GEORGE WILKINSON offers up a walk with a bit of adrenalin.

FACEBY magpies chivvied each other along a fence and my navigator said: “Let’s go.” Whorl Hill overlooks the village, a field away, and we climbed its smooth worn paths.

If you get a feeling of déjà vu, that is because we were here seven years since, but there was hardly blue yet from this notable bluebell wood, just a shaggy carpet of their green, a dozen flowers here or there in the sunniest southern spots.

But that was just a taster; this isn’t the usual bluebell walk. And off we tracked along Bank Lane, an eye on the para-gliders circling the sky over Carlton Bank like finely pencilled arched eyebrows, silent and hypnotic.

Nature though was rowdy, the lambs, wild geese and curlew and all the twitterers in the white flowering blackthorn.

The climb up the Cleveland escarpment was a new one for us and most pleasant, being very gently angled and with wood sorrel flowers scattered like snowflakes.

An old boundary stone has one side carved with an F and the other with a W and at the top a new sign read Welcome To The Raisdale Estate.
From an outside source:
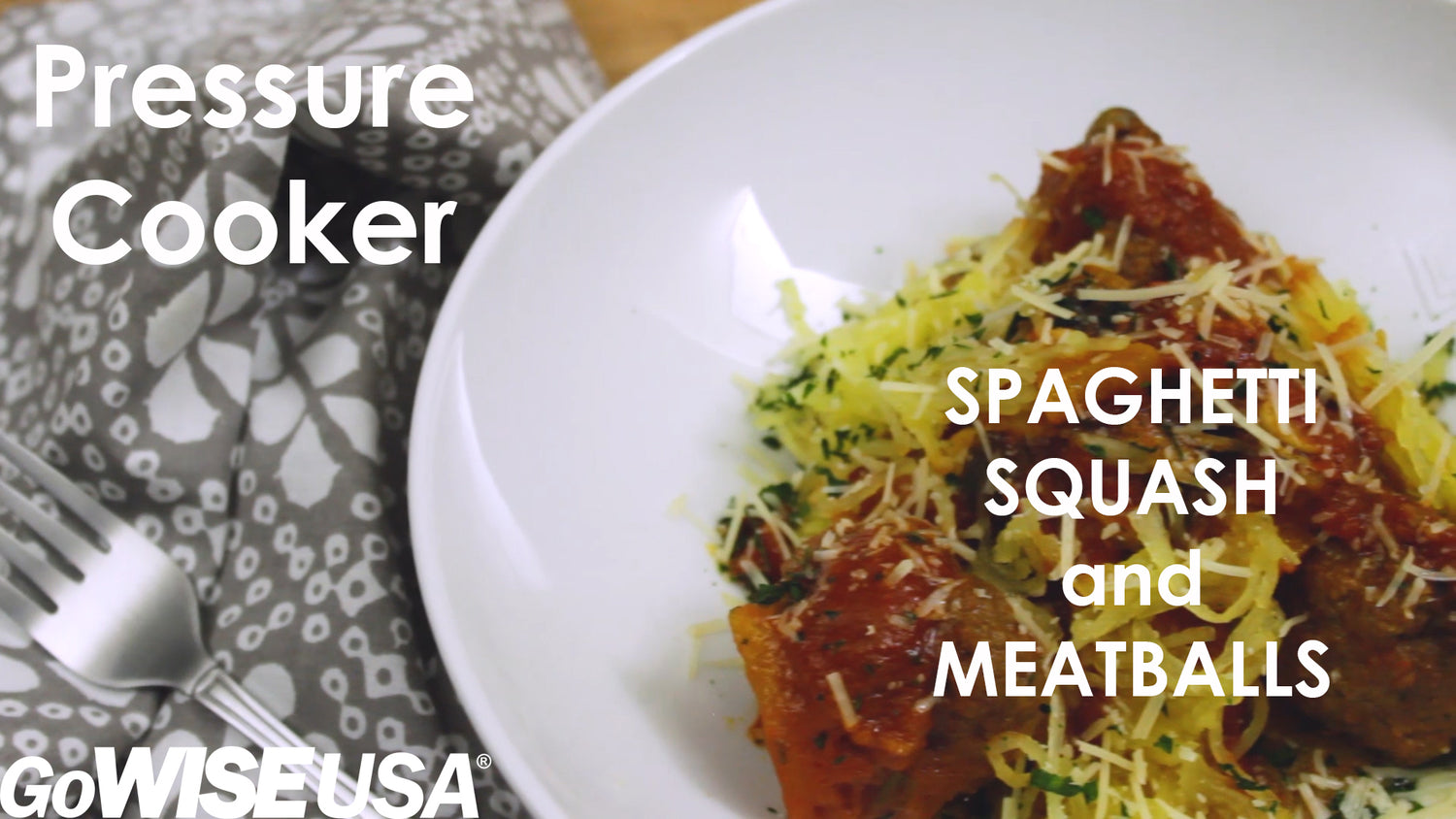Spaghetti Squash and Meatballs Made in the Pressure Cooker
The surfaced Cleveland Way path took us over Round Hill; a family filmed grouse – the movie, while the grouse posed unconcerned. Down below was the round shape of our previous Whorl Hill, further was the sharp Roseberry Topping, and on the plains jazzed with yellow rape, a far belt of reflective Teesside industry. It was grand.

If the way up was a gentle surprise, the way down was a bit of a shock. The first leg was normal then, at an unsigned stile, we dived into a wood, a precipitous descent, between Little Bonny Cliff and Great Bonny Cliff which were invisible in the trees.

Actually I’d set a compass between these as the path wasn’t obvious at first, but shortly there were waymarks. At the bottom, slightly relived, we slurped into a big rhododendron bog, a strange ecosystem and soon to be ablaze with colour.

This refocused the concentration, firstly to avoid a sock soaking which we did, just, after a drought, and second because rhododendron is indeed invasive and closing in on the path.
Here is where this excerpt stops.